A New Way to Trick the Brain and Beat Jet Lag

For all its complexity, the human brain is not hard to deceive. Here are four studies where scientists have learned more about duping it

Scientists keep finding new ways the brain can be deceived. (National Institute of Mental Health)
smithsonian.com

The human brain is a remarkable, stunningly complex organ. And yet, scientists are discovering something about it that the likes of Harry Houdini and other great magicians have known for a long time—the brain can be surprisingly easy to trick.

That’s because in order to be so efficient, it has evolved to create shortcuts in response to outside stimuli, such as light or sound. But those shortcuts and the consistency with which the brain follows them can also make it vulnerable to deception.  

Take, for example, recent research by Stanford scientists exploring a new way to fight jet lag. For a while, researchers have known that exposure to light before taking a trip can help your body adjust to the changes in your sleep cycles that come with traveling across time zones. The most common preventive treatment involves sitting in front of bright lights for hours at a time during the day.

But the Stanford team, led by Jamie Zeitzer, an assistant professor of psychiatry and behavioral sciences, tried a different approach.  First, it looked at light exposure while someone was actually sleeping, and it found that the body’s circadian rhythms, which control sleep cycles, are more sensitive to light at night—even when a person’s eyes are closed.

Then, the researchers wondered if the kind of light passing through the eyelids makes a difference. They recruited 39 volunteers and had them get on a regular sleep cycle for two weeks—going to bed and waking up at the same times every day. Then they brought them into a sleep lab.

They divided the participants into two groups. Once they had fallen asleep, the people in one group were given the conventional treatment—exposure to continuous light for an hour. But the others were treated with a different kind of light—quick flashes 10 seconds apart, like a strobe.

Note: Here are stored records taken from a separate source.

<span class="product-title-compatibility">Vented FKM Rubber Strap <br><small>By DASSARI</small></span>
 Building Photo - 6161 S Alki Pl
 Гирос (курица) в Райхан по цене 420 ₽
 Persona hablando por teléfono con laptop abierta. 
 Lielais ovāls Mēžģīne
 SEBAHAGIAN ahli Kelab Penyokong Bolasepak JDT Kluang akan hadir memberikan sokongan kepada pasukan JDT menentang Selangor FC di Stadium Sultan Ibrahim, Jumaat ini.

What they found the next night is that the people exposed to the flashing light felt sleepy about two hours later than they had the first evening. For those given the continuous light treatment, sleepiness was delayed by only 36 minutes.

Biological hacking

Zeitzer, who refers to this therapy as “biological hacking,” says the light exposure works better at night because it fools the brain, as you fall asleep, into thinking the day is longer than it actually is. And that resets the body clock.

But why would a flashing light do this more effectively than a constant one?

According to Zeitzer, it has to do with the cells at the back of the eye, which send messages to the part of the brain that sets circadian rhythms. Those cells, he says, use the times of darkness between flashes to recover or recalibrate, and that apparently helps them be more responsive to the light when it reoccurs.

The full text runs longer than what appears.